• **PROBLEM STATEMENT**:
Would you please transcribe the records below from the line with "Działka siedliskowa Kostrzewy" through their final line, exactly and with no other lines?

• **PROVIDED MATERIAL**:
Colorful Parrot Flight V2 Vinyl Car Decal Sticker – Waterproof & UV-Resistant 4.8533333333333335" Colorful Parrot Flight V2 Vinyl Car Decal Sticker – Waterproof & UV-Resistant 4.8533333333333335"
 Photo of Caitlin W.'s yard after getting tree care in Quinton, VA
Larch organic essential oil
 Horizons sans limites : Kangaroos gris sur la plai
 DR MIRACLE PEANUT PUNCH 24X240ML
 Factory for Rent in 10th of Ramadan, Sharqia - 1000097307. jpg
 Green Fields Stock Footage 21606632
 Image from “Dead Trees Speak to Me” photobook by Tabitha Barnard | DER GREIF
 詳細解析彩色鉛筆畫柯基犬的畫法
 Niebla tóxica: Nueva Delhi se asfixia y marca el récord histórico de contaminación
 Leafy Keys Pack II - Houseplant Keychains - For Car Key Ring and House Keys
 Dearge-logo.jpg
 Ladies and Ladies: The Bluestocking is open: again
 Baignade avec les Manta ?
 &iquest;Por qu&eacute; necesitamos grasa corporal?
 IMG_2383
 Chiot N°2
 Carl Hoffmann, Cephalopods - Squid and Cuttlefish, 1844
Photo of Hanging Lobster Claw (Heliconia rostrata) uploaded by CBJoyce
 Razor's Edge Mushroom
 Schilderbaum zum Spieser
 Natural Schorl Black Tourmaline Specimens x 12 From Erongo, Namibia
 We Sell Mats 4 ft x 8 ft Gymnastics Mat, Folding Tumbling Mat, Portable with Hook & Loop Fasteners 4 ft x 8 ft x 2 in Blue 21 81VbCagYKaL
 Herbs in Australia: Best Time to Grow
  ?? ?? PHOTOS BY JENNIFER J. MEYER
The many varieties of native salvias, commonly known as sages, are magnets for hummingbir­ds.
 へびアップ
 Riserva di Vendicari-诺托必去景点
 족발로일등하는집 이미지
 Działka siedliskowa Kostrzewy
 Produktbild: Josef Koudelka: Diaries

• **RESPONSE TO THE TASK**:
 Działka siedliskowa Kostrzewy
 Produktbild: Josef Koudelka: Diaries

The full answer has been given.